There are many ways to drive traffic to blog articles. You should have a healthy mix between organic search, viral and paid.
The highest-volume but least favorable type of traffic is paid traffic. A recent study by Comscore noted that 54 percent of ad traffic in their survey was never seen by a human (mostly likely, a robot instead). Another controversial study found that 80 percent of ad traffic from Facebook was fake. While those claims are hotly contested by Facebook and other marketers, the point is there are higher-quality forms of traffic.
Organic search will come naturally as you publish according to a set cadence. Set up a pinging service (if you use WordPress, it comes standard with every theme) so each article you publish pings Google to come crawl the site for new content.
Every so often, you’ll publish an article that goes viral. This is perhaps the most exciting part of content marketing. If you’re on a daily publishing schedule, you should have at least one viral article per month.
If you feel your content is good enough to share, don’t be afraid to send it out to your email subscribers or other brands to share with their followers.
“We try and work with partners, endemic or otherwise, as much as possible.

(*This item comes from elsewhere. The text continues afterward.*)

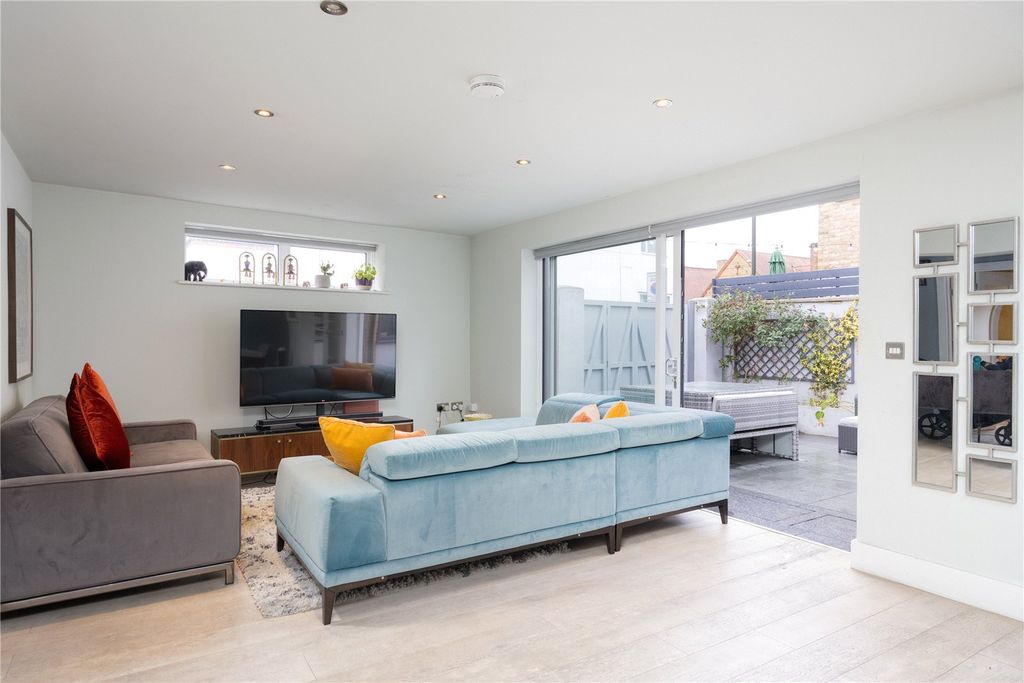 Property photo 3 of 10 Reception Room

This gives us greater reach and builds our audience with fans of like-minded brands,” said Folk.
9. Get off Blogger, Blogspot and wordpress.com
Don’t co-brand with a random blogging platform. Rather, install the publishing platform of choice (I recommend WordPress) onto your own server. It’s not difficult and will make your campaign infinitely more profitable, especially if SEO is a consideration.
10. Separate the blog server from your store
Remember those viral articles we talked about earlier? Don’t lose sales because a viral article crashes the store’s server. The ideal configuration is to install your publishing CMS onto a separate server.
But be wary of who you entrust to host your files lest you are taken “hostage” and are not allowed to access them for “security” reasons. Any developer with server admin experience can complete this installation in a day.
If creating a separate server isn’t practical for your organization, at a minimum, keep your blogs on separate databases. That way if the code on the blog crashes, it doesn’t impact the store.
11. Don’t accept guest posts
It’s surprising that this practice still exists given the amount of energy that Matt Cutts has spent denouncing it (Matt Cutts is the head of search quality at Google and the face of Google for all SEO’s). If you have suspicions that guest posting is happening on your blog (or vice versa – your content marketer is guest posting for other blogs), put an end to it. Or as Cutts puts it, “Stick a fork in it: guest blogging is done; it’s just gotten too spammy.”